The governor’s top advisers had successfully pushed the state’s health officials to strip a public report of data that showed more nursing-home residents had died of COVID-19 than acknowledged by the administration, The Wall Street Journal and The New York Times reported on Thursday.
The report in July had examined factors leading to the spread of the coronavirus in nursing homes and focused only on residents who died inside long-term care facilities, leaving out those who died in hospitals after becoming sick in nursing homes, the Journal said.
Hence, that report had said 6,432 nursing-home residents died from the outbreak, which was a significant undercount of the death toll attributed to the state’s most vulnerable population, the Journal added, citing sources with knowledge of the report’s production.
The New York Times reported on Thursday that the report written by state health officials showed over 9,000 deaths from COVID-19 among nursing home residents by June and Cuomo’s most senior aides did not want to make that number public.
They rewrote the report to take that figure out, according to interviews and documents reviewed by the Times.
According to a chart reviewed by the Times that was included in a draft when the report was being written, the Health Department’s data put the death toll about 50% higher than the figure then being cited publicly by the Cuomo administration.
“The out-of-facility data was omitted after DOH (Department of Health) could not confirm it had been adequately verified,” Beth Garvey, a special counsel and senior adviser to Cuomo, wrote in an emailed statement, adding the additional data did not change the report’s conclusion.
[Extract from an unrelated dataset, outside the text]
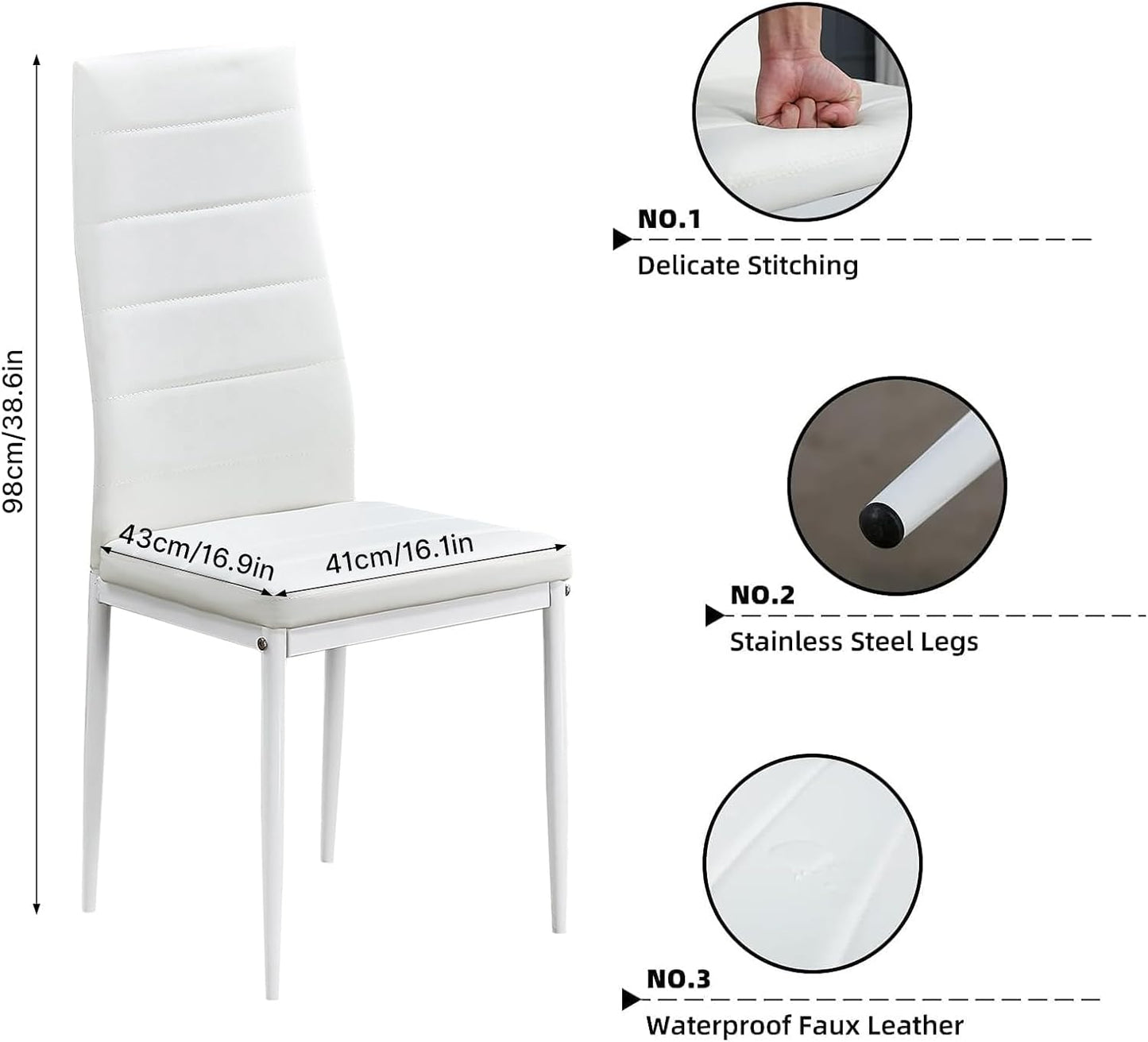 Dining Table and Chairs Set 4, 120X80X75Cm, for Kitchen Home Office | 4 Seater Table and Chairs Set Dining Room Sets High Back Faux Leather Chair, Oak Table and White Chairs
Health Department spokesman Gary Holmes said: “DOH was comfortable with the final report and believes fully in its conclusion that the primary driver that introduced COVID into the nursing homes was…brought in by staff.”
Cuomo faces mounting crises and investigations both over the nursing home scandal and accusations of sexual harassment by three women, two of who worked for him.
He offered a fresh apology on Wednesday for his behavior and promised to cooperate with a review by the state’s attorney general but said he would not resign.